Only the pictures are to be dropped; return all other data below exactly.

-- Information shown follows --

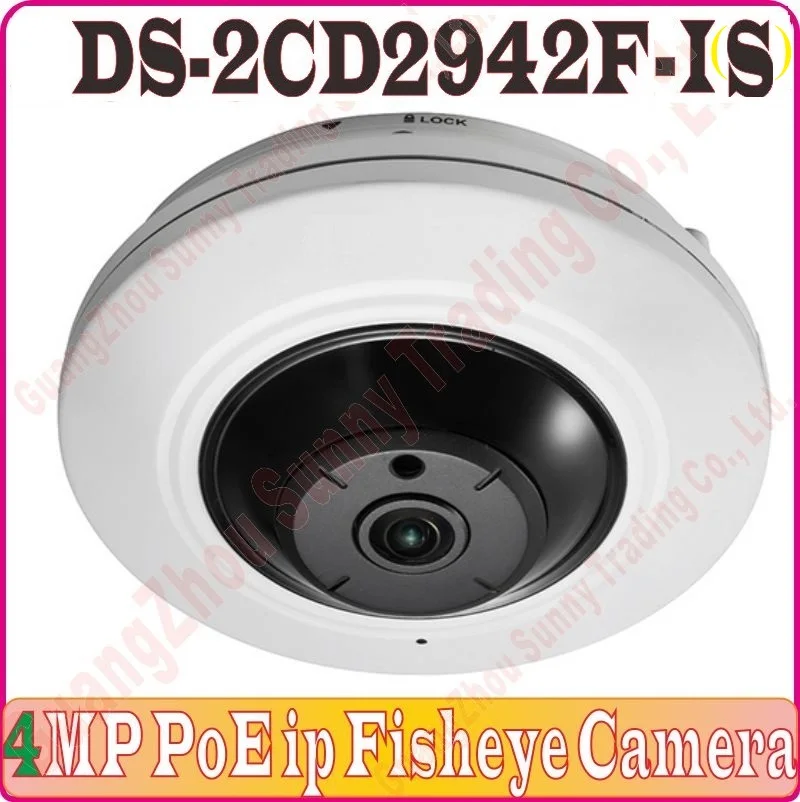 Eng Version сетевая камера 4.0MP 1080 P панорамная рыбий глаз ip 8 м ИК poe питание DS 2CD2942F IS
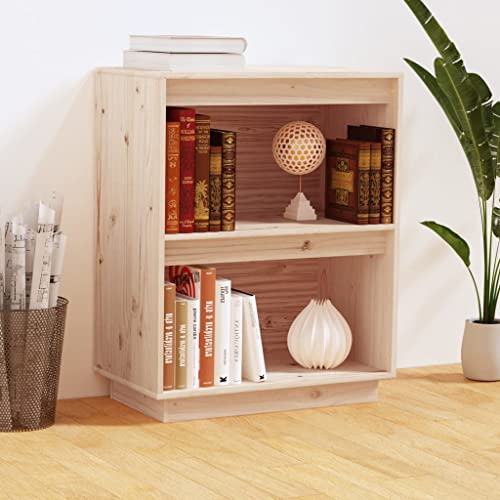 Qnhdfrt Beistellschrank aus Massivholz Kiefer 60x34x75 cm Sideboard mit Stauraum für Wohnzimmer Schlafzimmer Büro rustikales Design von Qnhdfrt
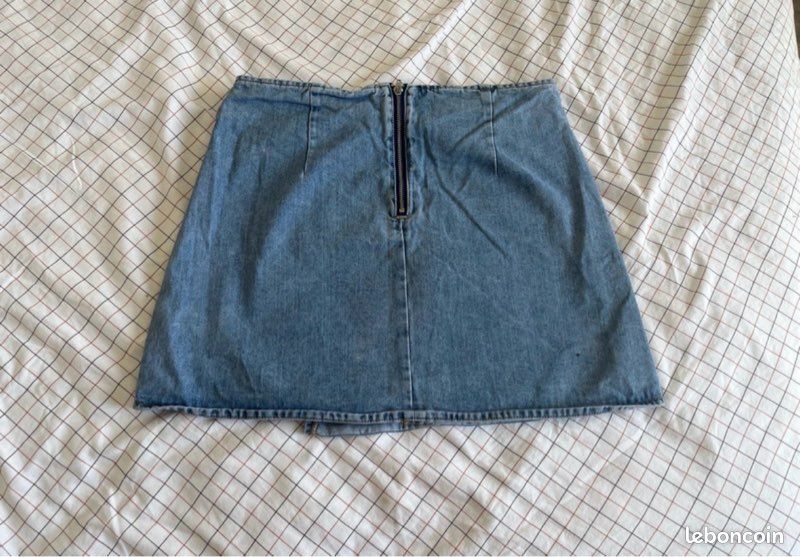 Jupe Bleue Asymétrique Public School Taille S - Soie Plissée - Neuf Sans étiquettes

-- Information shown concluded --

Task solution.
 Eng Version сетевая камера 4.0MP 1080 P панорамная рыбий глаз ip 8 м ИК poe питание DS 2CD2942F IS
 Qnhdfrt Beistellschrank aus Massivholz Kiefer 60x34x75 cm Sideboard mit Stauraum für Wohnzimmer Schlafzimmer Büro rustikales Design von Qnhdfrt
 Jupe Bleue Asymétrique Public School Taille S - Soie Plissée - Neuf Sans étiquettes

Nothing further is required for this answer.